The sun was making spectacular shadows and sunlit areas on the canyon wall. I have seen many pictures of the sun rising or setting over the Grand Canyon, but although the pictures are beautiful, they cannot create the same feeling as seeing it in person. The canyon looked painted in light mossy green horizontal strips mixed in with the red of the rocks. The color was different from the clumped darker green of bushes and trees. I asked Bob what made it look like that. Was it like the famed Painted Desert, the color coming from sand?

“No,” he answered, “it is vegetation.” That was amazing. It looked as if it had been created by an artist’s brush. I would get to see for myself soon enough.

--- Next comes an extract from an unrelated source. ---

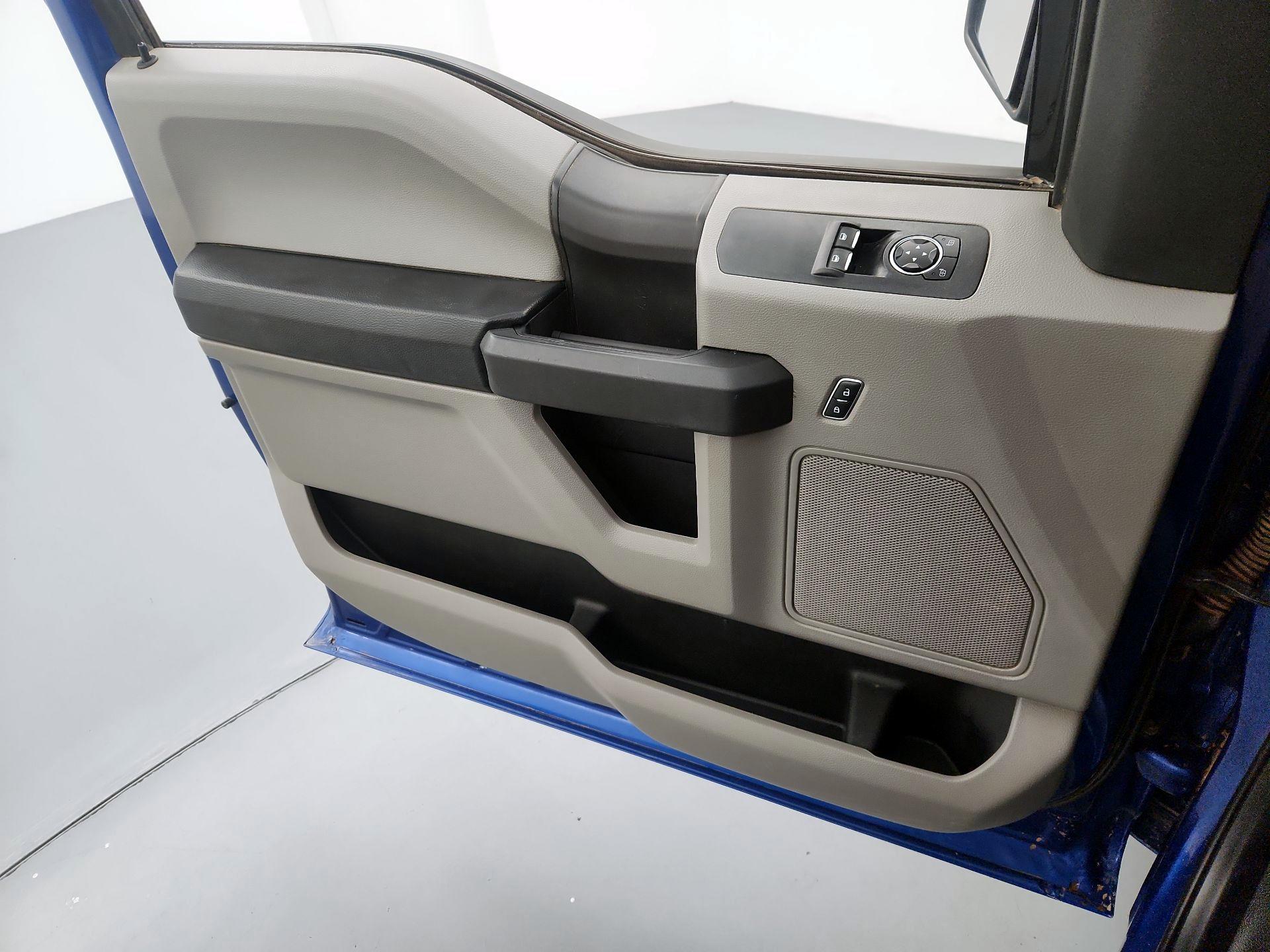 Thumbnail: 2017 Ford F-150 - 12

The next morning we were to be at the mule corral by 6:45. After waiting for half an hour, Bob pointed out the mules coming back across the road from their barn and pens. There were several wranglers each leading a group of mules. The mules were tied to each other with about two and a half feet of rope between them. As the mules came across the road, traffic stopped and waited—and waited. It takes awhile for thirty mules to slowly cross a road.

I wondered how they would all fit in the small corral, but the wranglers packed them in with only inches between them. Some mules had a few disagreeable looks for their neighbor, but mostly they stood, ears flopped off the sides with a sleepy look in their eyes. They’d been here before and seen it all. The wranglers poked and pushed mule butts over and squeezed in to tie them up with their rope halters. Each mule had his bridle hanging on the saddle horn.

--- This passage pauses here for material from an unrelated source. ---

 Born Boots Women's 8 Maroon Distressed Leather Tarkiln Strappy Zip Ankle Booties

Next, Marilyn, the petite blond mule boss, started her speech about the rules of the trail.

“Be sure you drink plenty of water from your canteens that you have been given. Dehydration is definitely possible because today is predicted to be in the 90s.” We all hung around the corral and listened raptly, not wanting to miss anything.

“The mules have the right of way,” she continued, “hikers must stand aside and let you pass.” She paused for emphasis and swatted her leg with a riding switch. “The most important rule is that all the mules must be ridden close to each other. A tight compact group is ninety-five percent of the safety of the trip. If your mule lags behind, it will miss its buddies and will run to catch up. Then the ones behind that one will run too.”

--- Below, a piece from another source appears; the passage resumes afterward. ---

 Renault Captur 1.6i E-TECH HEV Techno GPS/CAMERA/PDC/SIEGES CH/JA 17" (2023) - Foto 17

I got the picture. Having greenhorn riders on running mules could be a disaster.

Marilyn continued waving her riding crop and said emphatically, “You have all been given a switch. We call it the ‘Motivator.’ You must use it to keep your mule close behind the next mule. No gentle taps will work; you need to mean it.”

That should pose no problem for me; I was, after all, a veteran horseperson.

I will remember that rule to my dying day.

I had already decided to not utter a word of my rather vast experience. I had ridden, trained, and shown horses for thirty years. I had bred mares, standing at stud seven stallions at one time or another, foaled mares, and broke young horses. At different times on our farm I had up to fifty horses for which I was responsible. Nope, I wasn’t saying a word. I thought if I did, they might give me a mule that could need some extra ability and I was on vacation. I didn’t want any kind of challenges.

There were two “day-ride” groups which would only go part way down, have a sack lunch and then return. Each group was called in to the center of the corral separately, lined up in a row, and a mule chosen especially for the individual rider. I don’t know how Marilyn decided who rode which mule, but later I would have reason to want to ask her that question. Next, we overnight riders were given our mules. There were two groups of six with their wranglers. These groups were limited in number because Phantom Ranch at the bottom could only accommodate a certain number of guests at one time.

Bob and I were in the last group of overnighters, and were the last two to be assigned a ride. First Marilyn called Bob out for his mule, and I was wondering which of the remaining mules would be mine. As I stood alone in the middle of the corral, I turned back to look at Bob, who was now seated on Sleepy, his mule. I thought I discerned a fleeting look of “What the heck am I doing up here,” on his face.

Finally, Marilyn led a mule over to me. “His name is Charlie” she said, and I was about to embark upon a splendid adventure.